The parties apparently assume and agree that had the work continued and had the decision of invalidity in Committee of Local Improvements v. Objectors, supra, not intervened, the project would have been financed by special assessment. We do not consider the number of township residents who might have benefited from the project as it is dehors the record. Defendant's principal response to plaintiff's claim of authority under general powers is that his compensation was limited to special assessment proceeds which never came into being, citing Ill. Rev. Stat. 1967, ch. 139, par. 143, 133. In its memorandum opinions the trial court also cited the 1967 and 1965 statutes in discussing the Local Improvement Act, reasoning plaintiff had contracted pursuant to the statute and thus had agreed to limit his compensation to a special assessment source. It was further reasoned that if plaintiff had expressly agreed to limit his compensation to this source he could not expand his claim to payment from general funds under an implied contract theory, as the law will not imply an agreement which would be illegal if it were express. Koons v. Richardson (1923), 227 Ill. App. 477, 487.

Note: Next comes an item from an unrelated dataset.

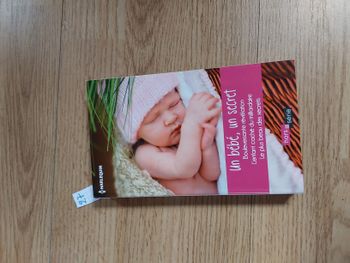 livre Un bebe, un secret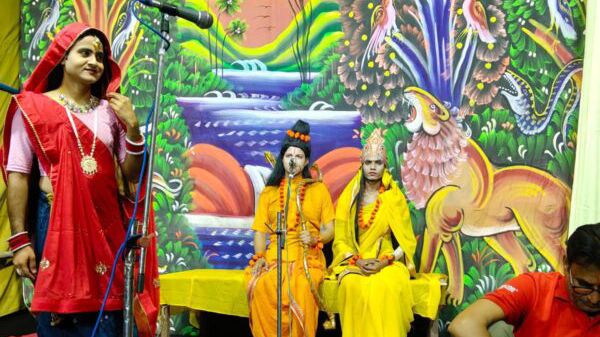 रामलीला में सूर्पनखा की नाक काटने और खर-दूषण वध लीला का मंचन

We believe the premise erroneous, however, as the resolution and employment contract were not pursuant to the 1965 Township Local Improvement Act but rather to the 1963 Act (Ill. Rev. Stat. 1963, ch. 139, par. 143.1 to 143.5) which did not contain a similar limitation on the source of payment. Both the 1963 Act and the 1965 Act have since been repealed. Ill. Rev. Stat. 1963, ch. 139, par. 143.5, provided that the procedure to be followed for completing local improvements shall be the same as township roads, as that provided in Divisions 1 and 3 of Article 9 of the Illinois Municipal Code. Division 1 of the Municipal Code provided for adoption of ordinances ordering local improvement made by general taxation, Ill. Rev. Stat. 1963, ch. 24, par. 9-1-2. Division 3 provided for adoption of a resolution describing the public property to be improved, (Ill. Rev. Stat. 1963, ch. 24, par. 9-3-3), and authorized the corporate authorities to contract with an engineer for services in preparing necessary plans and specifications, and to provide for payment of such services from special assessment proceeds, or from its general funds, or from other available public or private funds or combination thereof (Ill. Rev. Stat. 1963, ch. 24, par. 9-3-4). Like the 1965 statute, the predecessor 1963 statute was also invalid but its provisions differed to the extent that it cannot accurately be said plaintiff expressly agreed, by incorporation of that statute, to look only to special assessment proceeds for compensation. Aside from the reference to the 1963 Township Local Improvement Act, neither the employment contract nor the township resolution appearing in the record contain any express statement as to the source of payment or otherwise refer to a special assessment procedure. Thus such cases as Hancock v. Village of Hazel Crest (1943), 318 Ill. App. 170, 47 N.E.2d 557, and Village of Park Ridge v. Robinson (1902), 198 Ill. 571, 65 N.E. 104, are inapplicable.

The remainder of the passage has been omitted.